__Task details__.
Below are some lines of data. Return all of them as they are.

__Data__.
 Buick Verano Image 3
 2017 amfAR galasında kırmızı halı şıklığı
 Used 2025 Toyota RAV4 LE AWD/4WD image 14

__Completed exercise__.
 Buick Verano Image 3
 2017 amfAR galasında kırmızı halı şıklığı
 Used 2025 Toyota RAV4 LE AWD/4WD image 14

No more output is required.